Unlike Apple, Amazon clearly did their research here. PMN Caecilia isn't well known outside the typorati, but it's one of the more readable typefaces ever designed and its low stroke contrast and slab serifs serve the Kindle very well.

Update, June 21:Today's iBooks 1.1 release offers Georgia as an option. Hallelujah! The difference in reading experience between Georgia and the other fonts is stark. I don't know why you'd want to read with anything else in that list, except perhaps Palatino.

5. Missing in iPhone/iPad OS: a Legible, Flexible UI Font

Helvetica wasn't a failure on the iPhone because the display's high pixel density kept the letterforms clear. But the PPI on the iPad is significantly lower. I haven't seen much that borders on illegibility, but relying on Helv limits the range of font sizes an app developer can use. Go below 12px and things get muddy (the numbers at the bottom of this Calendar view, for example). Our friend Lucida, on the other hand, which shines at small sizes, isn't included on the iPad.

6. Missing in Pages: Accessible Text Options

I'm impressed with how easy it is to make a nice looking document in Pages. But you better like its templates and default styles, because customizing the type is a bit of a chore. Font selection is buried behind a few taps and a scroll, and changing the font size requires a tedious tap for each single point up or down. It's all surprisingly un-Mac-like.
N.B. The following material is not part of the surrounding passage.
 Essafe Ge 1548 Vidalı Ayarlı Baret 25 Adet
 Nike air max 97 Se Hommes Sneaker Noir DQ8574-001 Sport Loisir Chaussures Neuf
7. Missing in Mobile Safari: True @font-face Support

Contrary to some reports, the iPad does support CSS font linking via @font-face, but it's limited to Typekit as their format of choice. This blasts developers back to those dark ages (a few months ago) when there were very few professional fonts available for embedding. Typekit is working on a solution, but it's not ready for prime time.

So, webfonts are out. Fortunately there's a much longer list of fonts installed on the iPad compared to the iPhone/iPod Touch, but very few of them are very interesting or practical for modern web and app design.

8. Missing in Notes: Font Options

The Notes app on the iPad is still stuck in silly Marker Felt land!

We can only hope and pray to Lord Jobs that today's iPhone OS 4.0 event will address some of these gaping holes. With so many manufacturers, publishers, designers, and developers following Apple's lead, the state of typography in a world of digital media may depend on it.